We're often told that the USA is not a Christian nation. However, Abraham Lincoln, in his Gettysburg Address, justified the Civil War, and by implication his Emancipation Proclamation (freeing the slaves in the Confederate States), by appealing to the Declaration of Independence as our foundational document, even more foundational than the US Constitution. That Declaration serves as the very core piece of why we were justified in seceding from Great Britain and in forming a new nation, and why the Civil War was fought.
That Declaration states quite clearly that "all men are created equal", and "that they are endowed with certain unalienable rights", and that "governments are instituted among men" to secure these rights.
That document further states that the signers are "appealing to the Supreme Judge of the world" for the rightness of their declaration, and did so "with a firm reliance on the protection of Divine Providence".

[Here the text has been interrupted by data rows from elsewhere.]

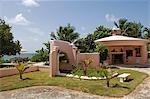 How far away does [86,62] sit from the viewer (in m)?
23.4

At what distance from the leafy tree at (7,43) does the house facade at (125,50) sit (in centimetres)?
1286

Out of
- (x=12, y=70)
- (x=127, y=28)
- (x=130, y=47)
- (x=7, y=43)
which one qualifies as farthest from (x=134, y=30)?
(x=12, y=70)

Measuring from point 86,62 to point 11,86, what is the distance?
9148mm

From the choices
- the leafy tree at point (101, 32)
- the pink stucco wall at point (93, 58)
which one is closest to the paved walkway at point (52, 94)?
the pink stucco wall at point (93, 58)

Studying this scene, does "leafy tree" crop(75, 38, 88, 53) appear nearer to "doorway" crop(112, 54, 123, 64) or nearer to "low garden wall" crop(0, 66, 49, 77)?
"doorway" crop(112, 54, 123, 64)

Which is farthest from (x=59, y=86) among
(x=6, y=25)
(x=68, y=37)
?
(x=68, y=37)

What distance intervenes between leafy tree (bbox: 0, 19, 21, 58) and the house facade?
12.9m

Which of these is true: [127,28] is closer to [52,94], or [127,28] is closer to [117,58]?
[117,58]

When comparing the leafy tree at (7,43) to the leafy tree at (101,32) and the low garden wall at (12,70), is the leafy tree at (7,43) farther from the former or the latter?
Answer: the leafy tree at (101,32)

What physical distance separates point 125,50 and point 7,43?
56.6ft

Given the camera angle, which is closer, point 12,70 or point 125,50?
point 12,70

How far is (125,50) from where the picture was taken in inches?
1335

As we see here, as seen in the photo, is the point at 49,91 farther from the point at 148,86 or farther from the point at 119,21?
the point at 119,21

So when Lincoln delivered his Gettysburg Address, he referred back to this document as the justification for the US, and for the subsequent Civil War, so that we, "one nation, under God", might resolve to be dedicated to the unfinished work of the signers of the Declaration, and so that our nation "shall have a new birth of freedom -- and that government of the people, by the people, and for the people, shall not perish from the earth".
I say all this to say this: the US Constitution, while being our supreme law regulating our government, is not the supreme law (or even supreme document - the Declaration is) that regulates our nation. A US President who reminds the people of this is a president who could turn the country back to its Creator, and to our unalienable rights, and to freedom.